What I'm actually trying to prove is that for every $x$ in the domain of $f$, where $f(x)=\sqrt{9-\sqrt{9-x^2}}$, the limit $\lim_{x\to a} f(x)$ exists. Now this is my approach and I would like to verify if it's correct.

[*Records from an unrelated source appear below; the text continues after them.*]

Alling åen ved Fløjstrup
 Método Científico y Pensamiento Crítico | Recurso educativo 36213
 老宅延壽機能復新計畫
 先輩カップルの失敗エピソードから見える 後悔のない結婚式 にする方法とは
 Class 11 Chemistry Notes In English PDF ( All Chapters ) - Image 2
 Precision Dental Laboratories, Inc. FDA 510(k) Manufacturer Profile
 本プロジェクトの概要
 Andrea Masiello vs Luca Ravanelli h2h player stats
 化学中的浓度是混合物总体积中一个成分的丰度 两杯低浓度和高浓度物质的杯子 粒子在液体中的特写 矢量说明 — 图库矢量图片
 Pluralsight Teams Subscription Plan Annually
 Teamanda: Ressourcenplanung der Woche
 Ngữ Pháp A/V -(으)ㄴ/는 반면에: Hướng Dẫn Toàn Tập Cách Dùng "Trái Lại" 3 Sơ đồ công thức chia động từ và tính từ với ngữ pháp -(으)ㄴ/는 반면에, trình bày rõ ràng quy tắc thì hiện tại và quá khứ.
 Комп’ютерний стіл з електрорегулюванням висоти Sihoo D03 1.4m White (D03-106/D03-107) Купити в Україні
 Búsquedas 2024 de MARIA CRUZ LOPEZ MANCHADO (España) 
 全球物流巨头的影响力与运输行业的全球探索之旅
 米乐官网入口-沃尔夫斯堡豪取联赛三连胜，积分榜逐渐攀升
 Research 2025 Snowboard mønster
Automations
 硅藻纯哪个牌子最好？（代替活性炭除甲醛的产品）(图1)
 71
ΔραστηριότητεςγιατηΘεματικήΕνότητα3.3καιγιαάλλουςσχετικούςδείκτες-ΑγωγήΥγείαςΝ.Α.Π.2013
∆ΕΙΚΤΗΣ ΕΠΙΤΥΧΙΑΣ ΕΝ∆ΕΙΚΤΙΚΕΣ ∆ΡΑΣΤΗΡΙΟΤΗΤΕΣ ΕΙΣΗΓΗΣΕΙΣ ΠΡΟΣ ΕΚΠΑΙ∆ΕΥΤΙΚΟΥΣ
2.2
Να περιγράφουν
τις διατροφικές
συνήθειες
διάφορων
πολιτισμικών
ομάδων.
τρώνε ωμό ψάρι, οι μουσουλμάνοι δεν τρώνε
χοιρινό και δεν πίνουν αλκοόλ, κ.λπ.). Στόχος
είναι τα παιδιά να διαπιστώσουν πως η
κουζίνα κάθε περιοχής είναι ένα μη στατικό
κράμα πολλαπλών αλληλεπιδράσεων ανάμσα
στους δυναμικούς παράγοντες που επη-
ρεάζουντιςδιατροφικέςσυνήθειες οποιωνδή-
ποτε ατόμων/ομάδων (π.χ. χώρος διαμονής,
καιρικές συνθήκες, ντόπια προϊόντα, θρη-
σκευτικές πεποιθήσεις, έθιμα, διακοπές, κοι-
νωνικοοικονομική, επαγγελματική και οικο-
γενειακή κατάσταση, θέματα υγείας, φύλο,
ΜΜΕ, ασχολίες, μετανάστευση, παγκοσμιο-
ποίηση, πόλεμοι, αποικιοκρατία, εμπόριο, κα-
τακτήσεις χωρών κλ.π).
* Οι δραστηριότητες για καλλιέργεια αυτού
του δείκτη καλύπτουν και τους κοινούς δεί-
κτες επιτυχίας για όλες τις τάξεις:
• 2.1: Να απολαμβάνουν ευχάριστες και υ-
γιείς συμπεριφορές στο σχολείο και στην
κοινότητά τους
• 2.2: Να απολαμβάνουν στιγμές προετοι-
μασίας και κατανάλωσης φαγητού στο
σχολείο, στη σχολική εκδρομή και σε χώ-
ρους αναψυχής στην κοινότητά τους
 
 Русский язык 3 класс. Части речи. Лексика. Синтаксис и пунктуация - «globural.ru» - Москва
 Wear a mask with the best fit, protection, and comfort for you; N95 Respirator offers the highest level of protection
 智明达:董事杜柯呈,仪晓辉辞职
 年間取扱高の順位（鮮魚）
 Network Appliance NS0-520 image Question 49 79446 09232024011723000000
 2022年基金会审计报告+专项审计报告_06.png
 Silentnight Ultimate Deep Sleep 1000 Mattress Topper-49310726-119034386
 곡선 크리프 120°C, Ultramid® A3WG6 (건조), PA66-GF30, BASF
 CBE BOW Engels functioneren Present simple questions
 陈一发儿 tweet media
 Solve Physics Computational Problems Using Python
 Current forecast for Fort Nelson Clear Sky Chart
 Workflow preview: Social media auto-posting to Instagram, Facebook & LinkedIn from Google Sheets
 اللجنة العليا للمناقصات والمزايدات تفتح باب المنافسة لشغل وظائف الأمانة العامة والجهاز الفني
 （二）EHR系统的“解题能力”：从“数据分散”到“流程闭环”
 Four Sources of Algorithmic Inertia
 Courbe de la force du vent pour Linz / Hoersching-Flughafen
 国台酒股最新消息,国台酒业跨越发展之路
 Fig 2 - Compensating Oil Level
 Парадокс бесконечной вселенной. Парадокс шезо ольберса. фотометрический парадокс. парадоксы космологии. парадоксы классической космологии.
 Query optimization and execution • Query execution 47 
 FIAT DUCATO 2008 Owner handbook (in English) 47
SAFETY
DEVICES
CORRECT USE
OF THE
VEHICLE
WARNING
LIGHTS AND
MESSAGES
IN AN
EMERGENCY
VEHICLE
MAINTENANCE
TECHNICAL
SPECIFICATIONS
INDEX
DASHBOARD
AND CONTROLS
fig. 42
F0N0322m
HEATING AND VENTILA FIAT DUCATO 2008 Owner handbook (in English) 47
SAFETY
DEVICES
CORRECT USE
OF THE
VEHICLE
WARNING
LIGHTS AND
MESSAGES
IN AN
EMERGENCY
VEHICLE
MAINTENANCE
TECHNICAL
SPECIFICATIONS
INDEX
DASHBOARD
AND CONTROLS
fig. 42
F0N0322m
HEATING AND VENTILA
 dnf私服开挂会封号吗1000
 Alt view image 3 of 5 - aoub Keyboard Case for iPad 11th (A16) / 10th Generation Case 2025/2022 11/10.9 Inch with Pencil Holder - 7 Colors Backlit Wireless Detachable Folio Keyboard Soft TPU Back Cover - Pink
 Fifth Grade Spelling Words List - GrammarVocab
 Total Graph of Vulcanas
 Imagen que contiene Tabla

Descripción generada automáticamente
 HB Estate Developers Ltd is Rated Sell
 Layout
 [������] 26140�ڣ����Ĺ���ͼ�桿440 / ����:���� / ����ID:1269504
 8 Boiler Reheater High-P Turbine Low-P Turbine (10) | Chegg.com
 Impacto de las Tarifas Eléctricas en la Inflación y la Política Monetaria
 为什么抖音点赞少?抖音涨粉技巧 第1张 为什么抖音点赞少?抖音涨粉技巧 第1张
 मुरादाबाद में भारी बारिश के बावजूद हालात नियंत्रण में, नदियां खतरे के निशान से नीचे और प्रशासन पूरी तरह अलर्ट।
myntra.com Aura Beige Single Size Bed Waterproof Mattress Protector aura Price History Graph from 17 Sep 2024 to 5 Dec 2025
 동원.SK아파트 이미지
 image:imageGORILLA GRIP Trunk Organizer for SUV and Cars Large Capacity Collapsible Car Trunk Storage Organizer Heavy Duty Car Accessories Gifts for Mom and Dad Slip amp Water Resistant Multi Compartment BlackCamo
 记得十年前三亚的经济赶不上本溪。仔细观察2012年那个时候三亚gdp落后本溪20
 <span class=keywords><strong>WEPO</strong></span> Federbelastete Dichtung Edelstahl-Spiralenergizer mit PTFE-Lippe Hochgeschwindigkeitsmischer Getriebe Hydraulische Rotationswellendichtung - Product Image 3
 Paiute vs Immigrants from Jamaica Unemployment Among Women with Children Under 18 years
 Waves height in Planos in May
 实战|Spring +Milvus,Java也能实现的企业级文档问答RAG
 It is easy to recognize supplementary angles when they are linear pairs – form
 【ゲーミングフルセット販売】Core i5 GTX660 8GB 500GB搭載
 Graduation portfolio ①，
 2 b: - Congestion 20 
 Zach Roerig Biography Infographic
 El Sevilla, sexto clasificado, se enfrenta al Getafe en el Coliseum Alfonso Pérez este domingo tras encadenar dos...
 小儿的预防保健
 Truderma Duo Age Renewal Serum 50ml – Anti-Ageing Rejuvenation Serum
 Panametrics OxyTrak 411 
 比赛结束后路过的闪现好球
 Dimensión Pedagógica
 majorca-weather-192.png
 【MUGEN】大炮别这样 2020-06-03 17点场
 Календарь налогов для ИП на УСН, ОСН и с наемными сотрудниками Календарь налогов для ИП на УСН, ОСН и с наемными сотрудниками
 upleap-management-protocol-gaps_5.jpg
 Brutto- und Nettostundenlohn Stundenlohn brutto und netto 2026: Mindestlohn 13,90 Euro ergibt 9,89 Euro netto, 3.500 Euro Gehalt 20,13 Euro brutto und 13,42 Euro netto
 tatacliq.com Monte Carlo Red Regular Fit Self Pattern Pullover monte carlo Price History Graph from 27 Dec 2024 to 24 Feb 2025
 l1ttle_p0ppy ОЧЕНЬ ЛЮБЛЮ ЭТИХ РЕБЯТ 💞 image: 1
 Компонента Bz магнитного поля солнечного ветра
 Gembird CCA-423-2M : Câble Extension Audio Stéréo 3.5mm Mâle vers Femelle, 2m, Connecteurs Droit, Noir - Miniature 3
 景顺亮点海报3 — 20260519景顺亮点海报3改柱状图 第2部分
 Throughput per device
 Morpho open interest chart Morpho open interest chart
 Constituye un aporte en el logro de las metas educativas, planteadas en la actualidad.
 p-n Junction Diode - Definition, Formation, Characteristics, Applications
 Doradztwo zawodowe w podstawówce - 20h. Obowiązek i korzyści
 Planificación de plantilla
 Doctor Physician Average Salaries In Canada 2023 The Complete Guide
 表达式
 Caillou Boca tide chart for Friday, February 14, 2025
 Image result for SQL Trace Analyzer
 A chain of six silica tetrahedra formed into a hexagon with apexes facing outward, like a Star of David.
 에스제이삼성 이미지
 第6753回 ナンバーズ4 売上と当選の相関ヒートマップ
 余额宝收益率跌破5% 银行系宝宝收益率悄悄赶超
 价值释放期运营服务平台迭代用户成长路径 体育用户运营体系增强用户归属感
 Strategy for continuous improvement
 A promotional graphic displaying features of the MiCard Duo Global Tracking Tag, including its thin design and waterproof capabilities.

$\big|\sqrt{9-\sqrt{9-x^2}}-\sqrt{9-\sqrt{9-a^2}}\big|=\bigg|\frac{\sqrt{9-a^2}-\sqrt{9-x^2}}{\sqrt{9-\sqrt{9-x^2}}+\sqrt{9-\sqrt{9-a^2}}}\bigg|\le\big|\frac{\sqrt{9-a^2}-\sqrt{9-x^2}}{\sqrt{9-\sqrt{9-a^2}}}\big|=|\frac{x^2-a^2}{\big(\sqrt{9-\sqrt{9-a^2}}\big)\big(\sqrt{9-a^2}+\sqrt{9-x^2}\big)}|$
Since $\sqrt{9-\sqrt{9-a^2}}\ge\sqrt{6}>1$,then
$|\frac{x^2-a^2}{\big(\sqrt{9-\sqrt{9-a^2}}\big)\big(\sqrt{9-a^2}+\sqrt{9-x^2}\big)}|\le|\frac{x^2-a^2}{\sqrt{9-a^2}+\sqrt{9-x^2}}|\le|\frac{x^2-a^2}{\sqrt{9-a^2}}|$
Now $x, a \in [-3, 3]$ which means $|x^2-a^2|=|x-a||x+a|\le6|x-a|$, therefore if $\epsilon >0$, we can define $\delta=\epsilon \cdot \frac{\sqrt{9-a^2}}{6}$ and thus, if $|x-a|\le \delta$: $$\big|\sqrt{9-\sqrt{9-x^2}}-\sqrt{9-\sqrt{9-a^2}}\big|\le \epsilon$$
Which proves that $\lim_{x\to a} f(x)=f(a)$
I would also like to see if there's a simpler more elegant way to quickly prove that this limit exists using only the epsilon-delta definition or maybe the squeeze theorem? Thank you!